## Task statement
Every entry must be printed again exactly, with nothing left out.

## Source records
┄┄┄┄┄┄┄┄┄┄┄┄┄┄┄┄┄┄┄┄

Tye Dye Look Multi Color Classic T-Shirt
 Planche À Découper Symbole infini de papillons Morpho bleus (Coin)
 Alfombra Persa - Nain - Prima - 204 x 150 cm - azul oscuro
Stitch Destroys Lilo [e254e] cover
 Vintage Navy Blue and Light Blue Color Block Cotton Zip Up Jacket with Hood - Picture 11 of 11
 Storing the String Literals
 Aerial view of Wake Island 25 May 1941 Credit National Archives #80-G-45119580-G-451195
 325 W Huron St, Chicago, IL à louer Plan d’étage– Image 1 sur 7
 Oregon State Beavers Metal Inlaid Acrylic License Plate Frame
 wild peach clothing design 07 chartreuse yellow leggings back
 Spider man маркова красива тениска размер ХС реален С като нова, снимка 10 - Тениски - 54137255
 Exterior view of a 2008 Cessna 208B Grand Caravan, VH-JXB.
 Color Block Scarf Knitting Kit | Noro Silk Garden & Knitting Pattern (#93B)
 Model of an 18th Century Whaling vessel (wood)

┄┄┄┄┄┄┄┄┄┄┄┄┄┄┄┄┄┄┄┄

## Answer below
Tye Dye Look Multi Color Classic T-Shirt
 Planche À Découper Symbole infini de papillons Morpho bleus (Coin)
 Alfombra Persa - Nain - Prima - 204 x 150 cm - azul oscuro
Stitch Destroys Lilo [e254e] cover
 Vintage Navy Blue and Light Blue Color Block Cotton Zip Up Jacket with Hood - Picture 11 of 11
 Storing the String Literals
 Aerial view of Wake Island 25 May 1941 Credit National Archives #80-G-45119580-G-451195
 325 W Huron St, Chicago, IL à louer Plan d’étage– Image 1 sur 7
 Oregon State Beavers Metal Inlaid Acrylic License Plate Frame
 wild peach clothing design 07 chartreuse yellow leggings back
 Spider man маркова красива тениска размер ХС реален С като нова, снимка 10 - Тениски - 54137255
 Exterior view of a 2008 Cessna 208B Grand Caravan, VH-JXB.
 Color Block Scarf Knitting Kit | Noro Silk Garden & Knitting Pattern (#93B)
 Model of an 18th Century Whaling vessel (wood)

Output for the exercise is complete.